Au lieu de cela, il est évoqué qu'il a
pu mourir au Liban ou en Syrie.
Dans
les deux cas, il apparaît que Poutine essaye de serrer les rênes de son contrôle
sur les différents Services de Renseignement en compétition[7].
Ce
qui rend cet enjeu encore plus intéressant, c'est le fait que le FSB et d'autres
unités au sein de la CR, aient été vidés
des fonds nécessaires durant ces dernières années, à mesure que les prix du
pétrole s'effondraient de quelques 100$ à 20$ le baril[8].
Et tandis que la Russie s'enfonce dans un chaudron économique d'émeutes
potentiellement imminentes, Poutine est préoccupé par le fait qu'il puisse ne
plus être capable de gérer ce qui pourrait se révéler comme une prochaine
révolution (mais pas bolchévique[9]).
Le
peuple russe est stoïque. Cependant il est aussi attitré du surnom "pain-beurre-vodka".

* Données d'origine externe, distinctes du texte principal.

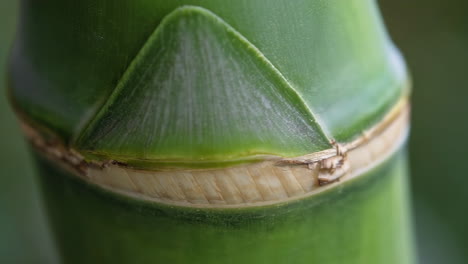 close-up of a green bamboo stalk node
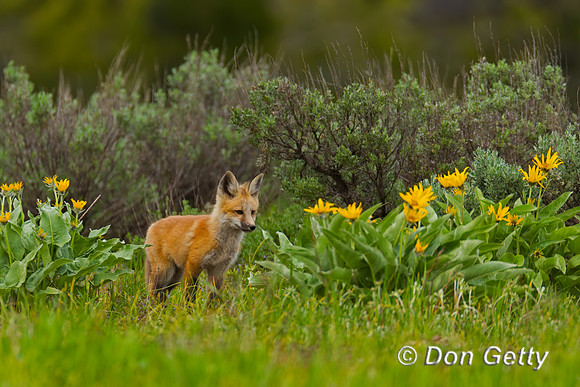 Red Fox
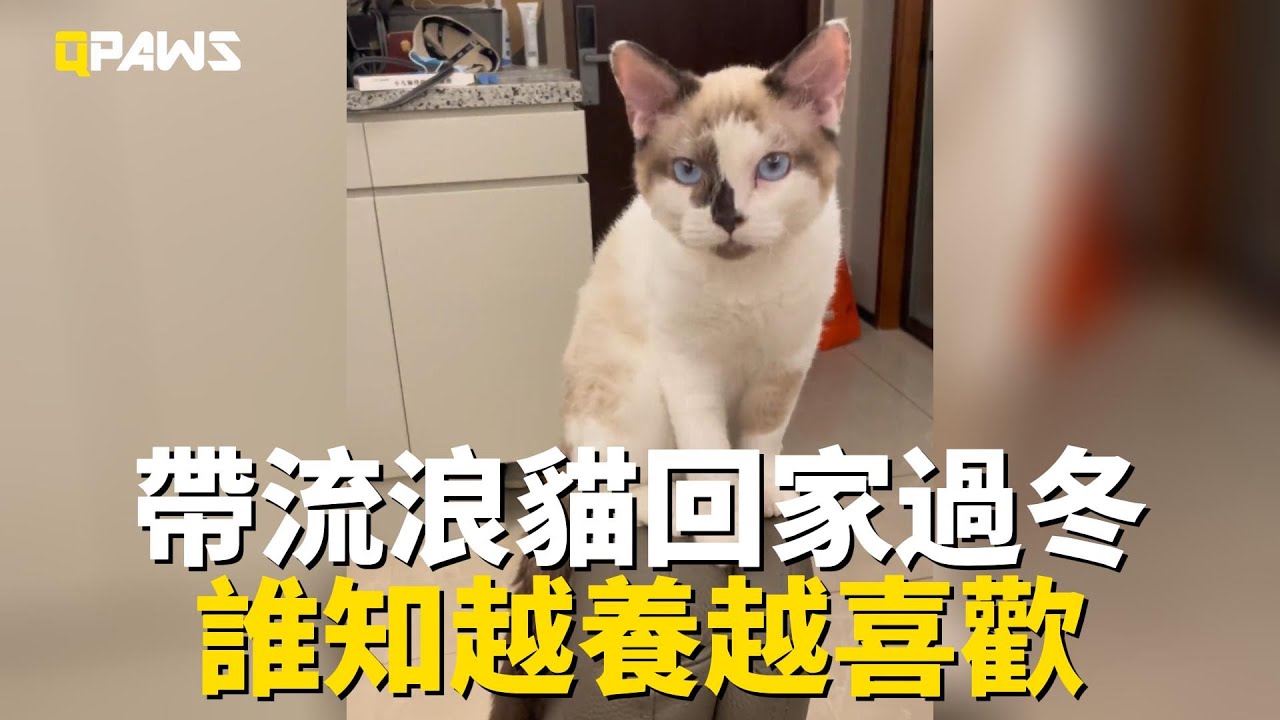 可憐流浪貓寒風中瑟瑟發抖，男子帶回家過冬，誰知越養越喜歡，果斷收編，和女兒成了好朋友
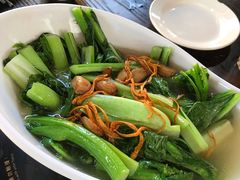 -石岐乳鸽村(桥观坊南四巷店)
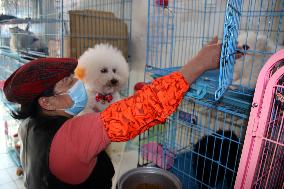 Pet Foster Care During Spring Festival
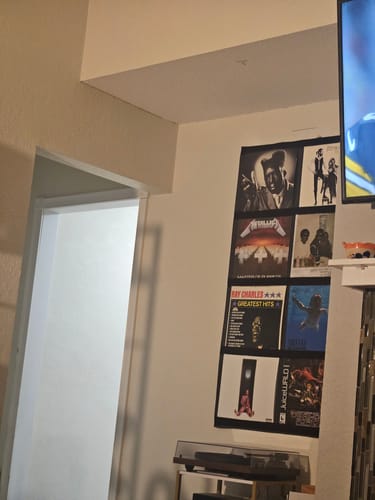 Customer photo review of 12" Vinyl Record Display Frame - LP Wall Storage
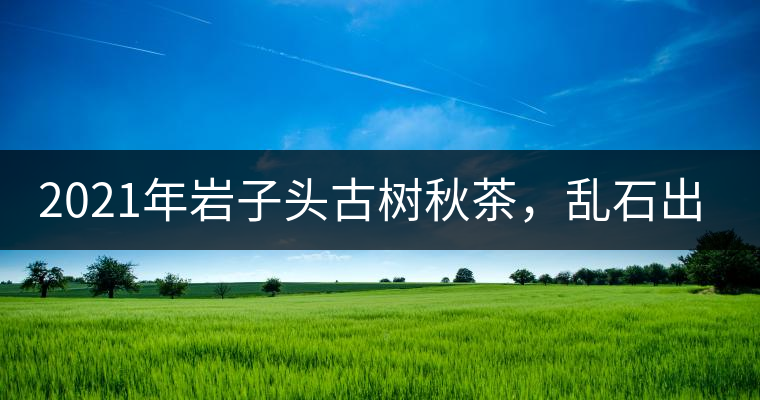 2021年巖子頭古樹(shù)秋茶，亂石出好茶！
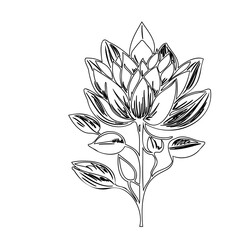 Elegant botanical illustration: a detailed black and white floral artwork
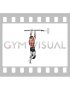 Weighted Chin-up (male)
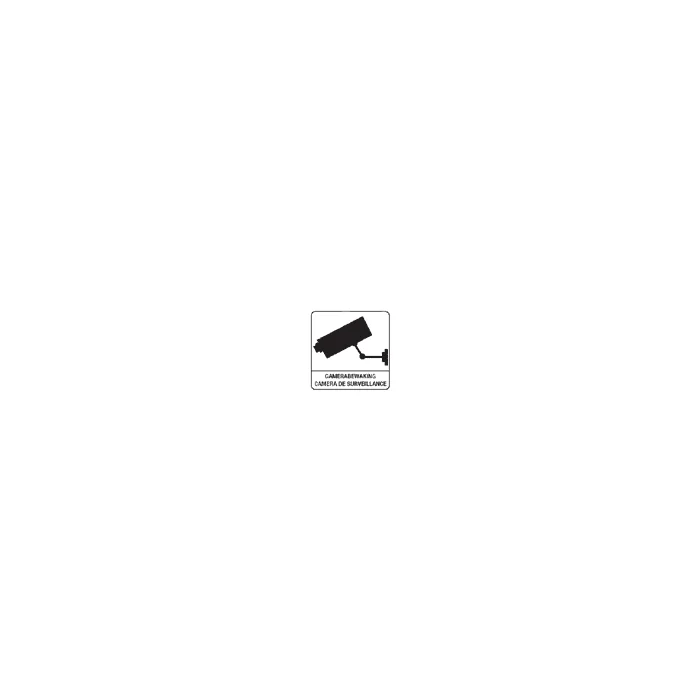 Pictogram Camerabewaking type 2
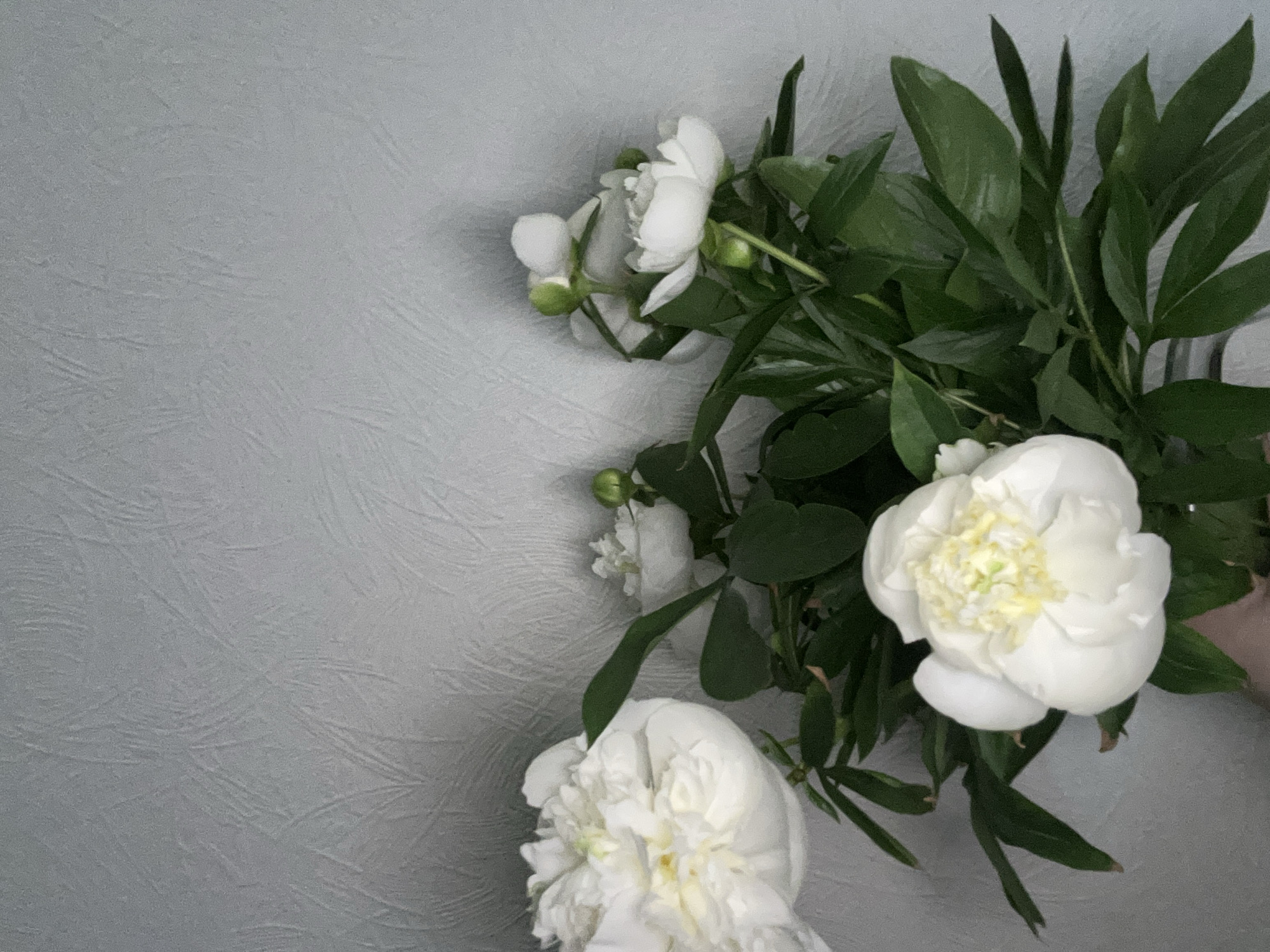 A bouquet of white peonies with green leaves is displayed against a textured gray background, resembling wallpaper. The peonies are in various stages of bloom, with some fully open and others still in bud. The lighting creates soft shadows on the wall, suggesting an indoor setting. There is no identifiable location in Chaikovsky, Russia, or any specific actions or interactions depicted in the image. The scene is static and focuses solely on the floral arrangement.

Si ces nutriments basiques ne lui sont plus fournis, alors Poutine doit se
soucier de la loyauté de son appareil de sécurité intérieur, qui doit
superviser plus de 80 différentes fédérations
(dont 20 sont déjà en banqueroute).
Depuis
ma perspective, je pense que cette mort soudaine et inattendue d'un général du
GRU, signifie que Poutine et ses cohortes du Kremlin sont dans un trouble
sérieux.
La
mort mystérieuse d'un général sénior du GRU,
ne décourage pas Poutine. Elle peut
cependant présager des problèmes politiques économiques grandissants.
Le
temps n'est pas du côté de Poutine. Le seul facteur qui lui reste et de prier
pour l'Eglise Orthodoxe russe, tandis qu'il réprime les dissidents potentiels.
Quelle
alliance impie !
Boshen Daragoy![11]
Dieu
nous vienne en aide!
NB : Là encore, nous considérons cette analyse comme discutable, si ce n'est malavisée. Nous envisageons par contre la possibilité, que Pieczenik fasse passer discrètement l'information concernant la mort possible de Sergun en Syrie, camouflée sous une appréciation dominante "ambiance Guerre froide". Lui seul en connaît certainement les raisons... (cf. la publication de Stratfor plus bas, que Pieczenik connaît bien : "A Mysterious Death Raises Questions in Russia". Stratfor, 6 janvier 2016).
Plusieurs des commentaires des lecteurs habituels et souvent remerciés par Pieczenik vont dans ce sens :
« Travaillant au Liban, il [Sergun] pourrait
avoir été assassiné d'une façon que les Russes ne sont pas prêts à admettre. Ayant
des ennemis à l'Ouest et à l'est, nous devrions voir quelque chose dans le
futur, qui ressemblerait à une réponse russe au possible assassinat [de Sergun]
» [commentaire de dltravers,
10 janvier 16, 15:46]
« Dr. Pieczenik, votre hostilité est déplacée.
Il n'y a aucune preuve au soutien de votre
accusation implicite contre Poutine. Pourtant vous la proférez. Peut-être, que
ce n'est que de la spéculation oiseuse.
De
faibles prix du pétrole ne vont pas se faire s'effondrer l'économie russe. Que
vous répétiez cette même rengaine de l'élite, me suggère que vous puissiez considérer
avec trop de confiance les médias PC
[Principaux Courants/Politiquement Corrects], et leurs experts principalement
néoconservateur, qui attaquent constamment Poutine car ils barre la voie de
leur agenda destructeur.
Poutine
s'est régulièrement débrouillé pour confronter l'élite corrompue de Washington.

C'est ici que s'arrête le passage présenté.